Restate the data below word for word, and let no image into your version.
Information supplied: Begin
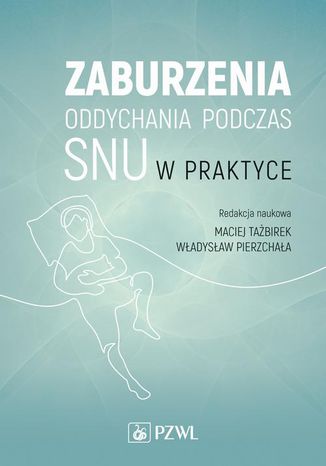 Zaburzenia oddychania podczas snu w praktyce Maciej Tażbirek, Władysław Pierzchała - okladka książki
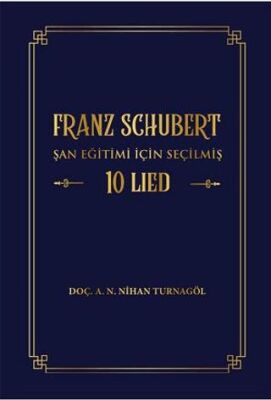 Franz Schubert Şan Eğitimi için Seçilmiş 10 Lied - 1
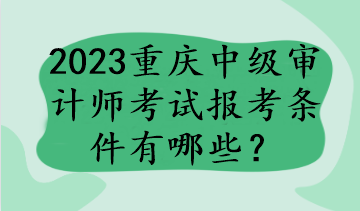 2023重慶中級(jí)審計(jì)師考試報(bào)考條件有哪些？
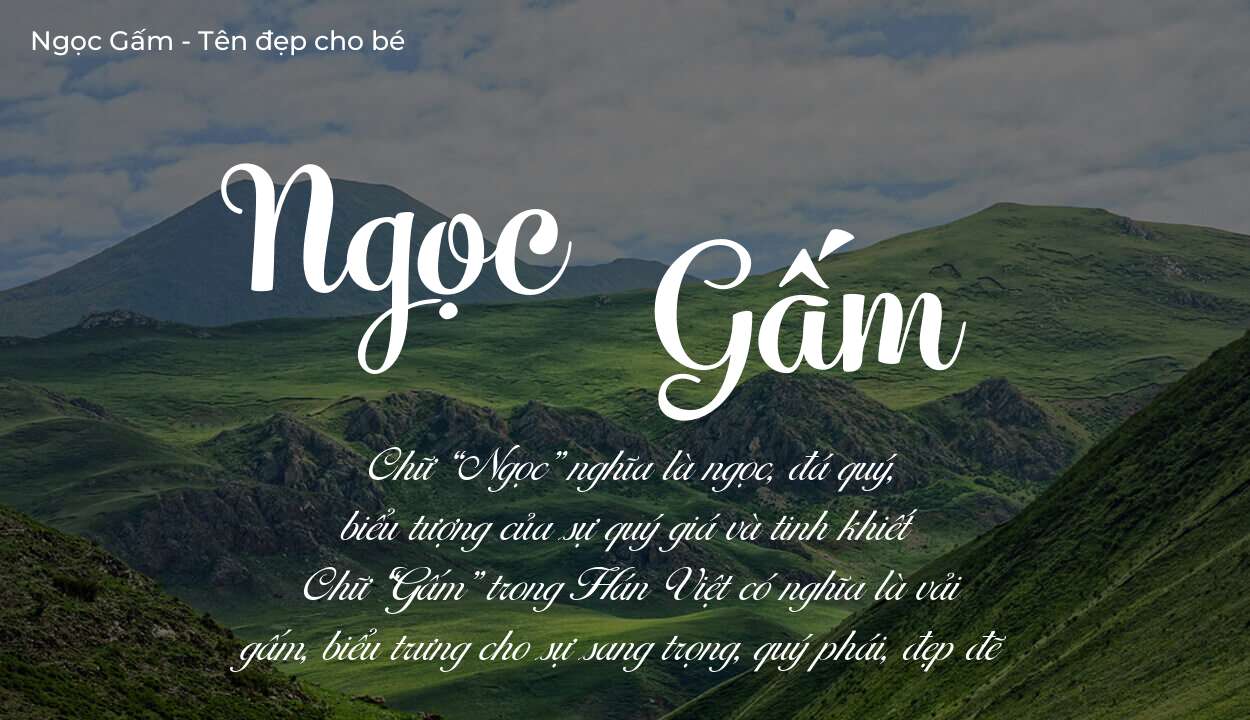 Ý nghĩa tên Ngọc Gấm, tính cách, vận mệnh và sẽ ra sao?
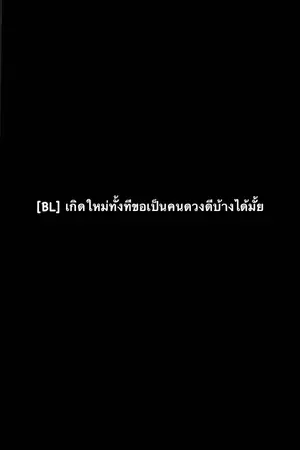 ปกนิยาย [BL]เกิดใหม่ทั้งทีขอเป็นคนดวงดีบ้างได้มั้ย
Information supplied: End
Problem solution:
 Zaburzenia oddychania podczas snu w praktyce Maciej Tażbirek, Władysław Pierzchała - okladka książki
 Franz Schubert Şan Eğitimi için Seçilmiş 10 Lied - 1
 2023重慶中級(jí)審計(jì)師考試報(bào)考條件有哪些？
 Ý nghĩa tên Ngọc Gấm, tính cách, vận mệnh và sẽ ra sao?
 ปกนิยาย [BL]เกิดใหม่ทั้งทีขอเป็นคนดวงดีบ้างได้มั้ย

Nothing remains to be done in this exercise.